Sad me
The "follow the money" mantra leads to a rather sad place. If a billion user names and passwords are worth $250M, then I'm worth two bits to them.
But they are buying the rest for another $4.5B because -- profit??
Something doesn't add up.
Verizon will savagely slash its acquisition offer for hacker-ransacked Yahoo! by, wait a minute, just 5.2 per cent, it is claimed. We're hearing that the telecom giant has decided to lower its $4.8bn offer for what remains of the Purple Palace by roughly $250m. According to Bloomberg, the discount will be $250m, while The Wall …
Up-votes for everybody*! (there's just the three of us right now)
Small deduction in price, while not reflective of hacked mail user value, is due to the event nonetheless. However, there is value to be had, even if they need to cast off the old-timey branding. Not sure about AOL, but Yahoo! still has over a dozen fully-stocked, ready to redeploy data centers online. And this is Verizon, the guys fighting for second place in the mobile carrier market and getting their asses regularly handed to them by a crazy CEO in pink t-shirt. Let us not beat around the proverbial bushes, lads and ladies. Yahoo!'s DCs and AOL's DCs combined is still an attractive value in and of themselves, and you most certainly can ignore the branding of old, for probable new branding to tie into their new mommy, or perhaps some showy new brand with a stupid name we'll all laugh at.

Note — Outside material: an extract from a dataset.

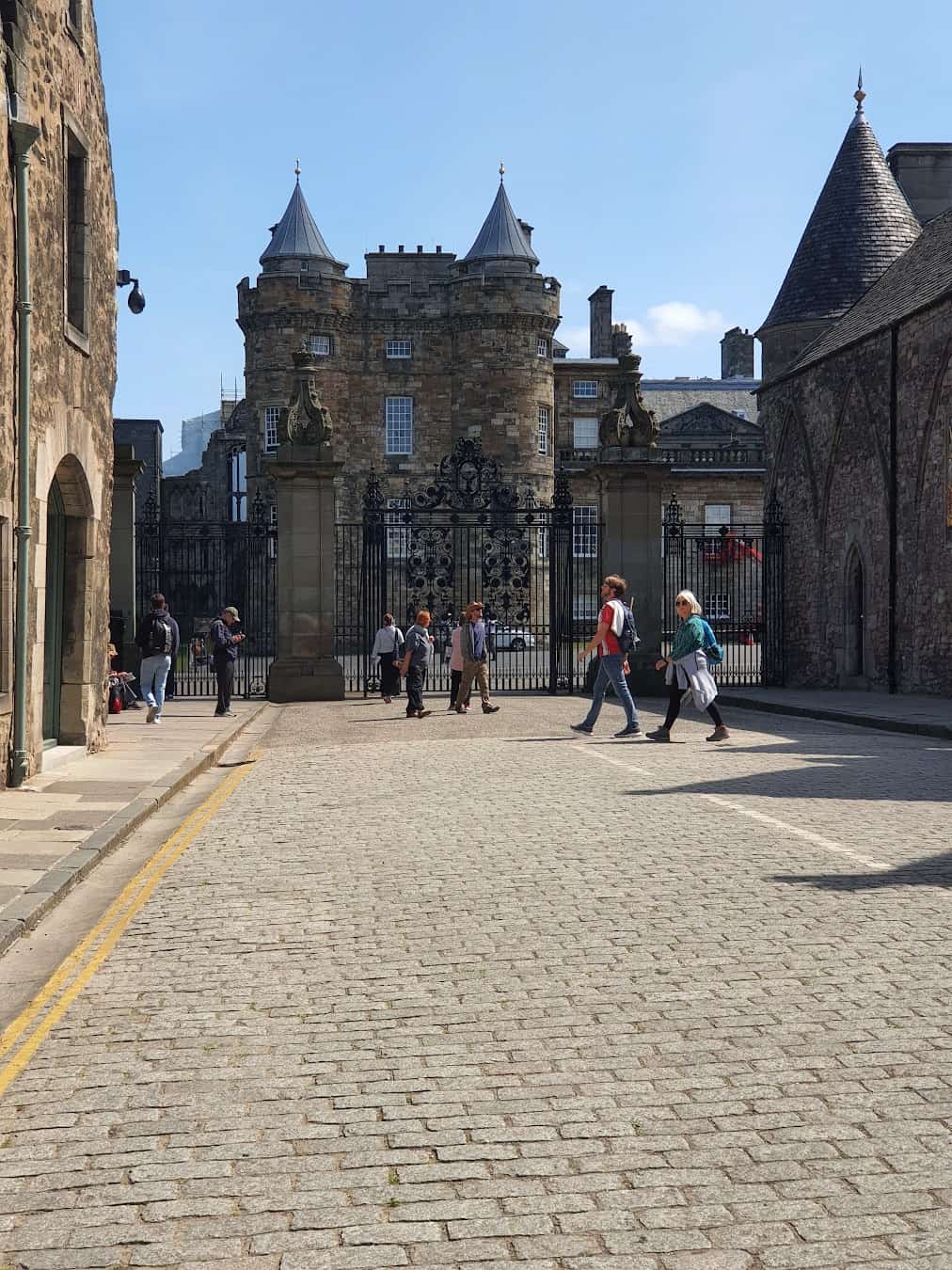 Palace of Holyroodhouse Yard, Scotland Palace of Holyroodhouse Yard, Scotland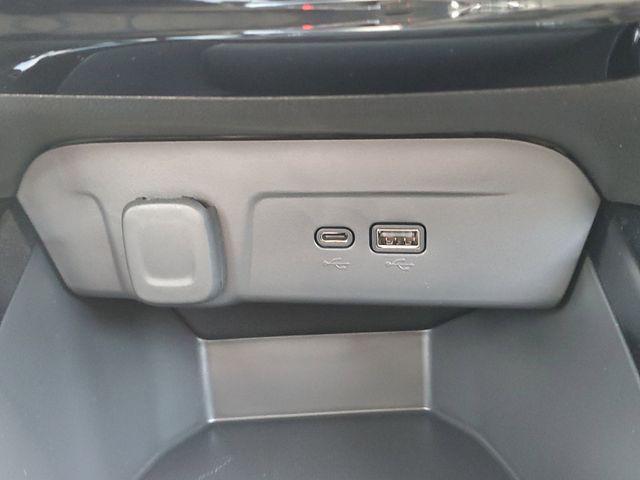 Photo of 2025 Summit White Chevrolet Trax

Either way, you could ditch the running OSes, and just roll out brand new services on the same hardware and bill it as another cloud service. There is a lot you can do with dozens of connected, worldwide data centers without ever calling them an AOL or Yahoo! property again. It stands to reason. What say you?

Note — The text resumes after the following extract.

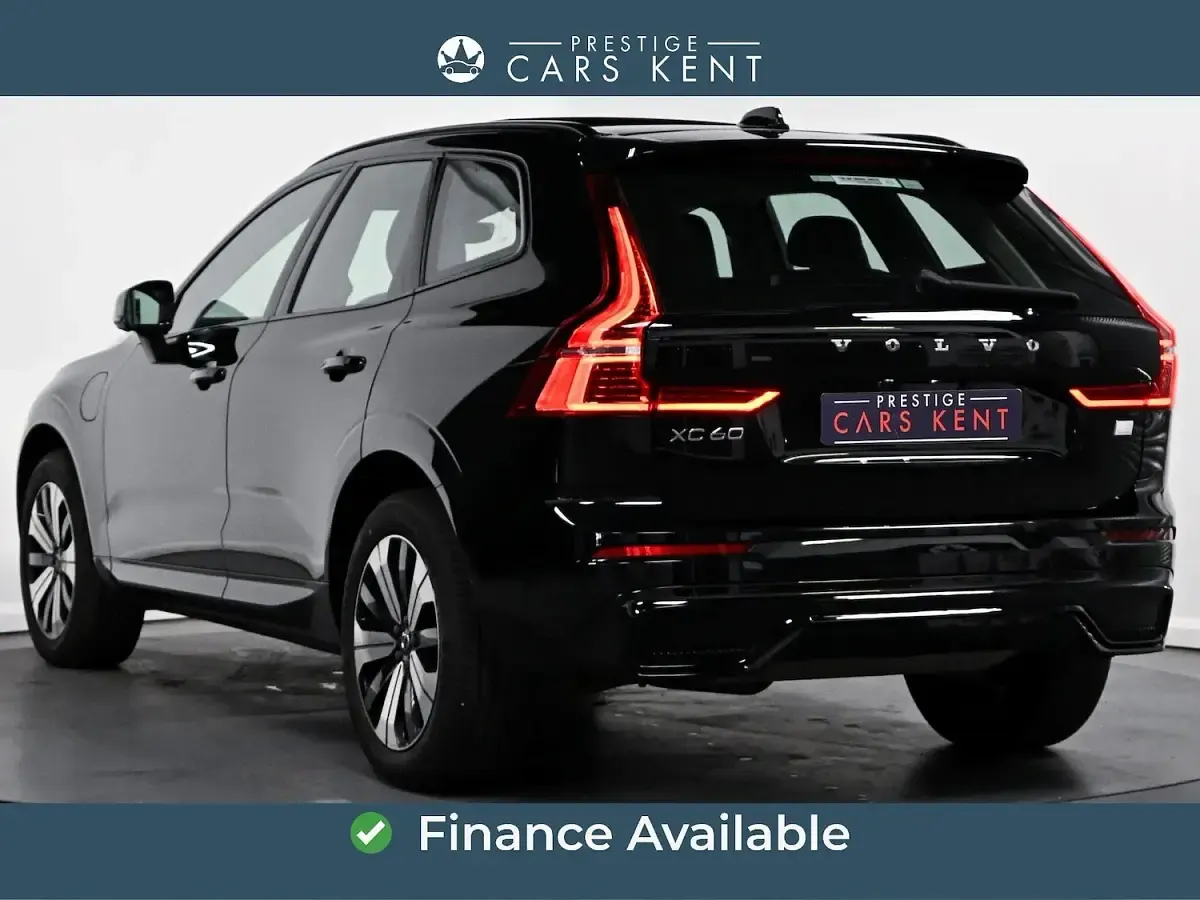 Used Volvo XC60 Plus 350 HP (257 kW) 2023 Black SUV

There is a lot you can do with dozens of connected, worldwide data centers without ever calling them an AOL or Yahoo! property again. It stands to reason. What say you?
Why would they want more datacenters when they've been busy selling them off as it is?
I wonder if following the money winds up in various tax havens, where the banks park their profits.
Don't forget, there are various shady brokers involved in all these huge deals, and they're all making a percentage somewhere.
Once these deals start rolling, they don't usually stop.
I won't be terribly surprised if Marissa winds up "consulting" to one of the involved parties at some point also.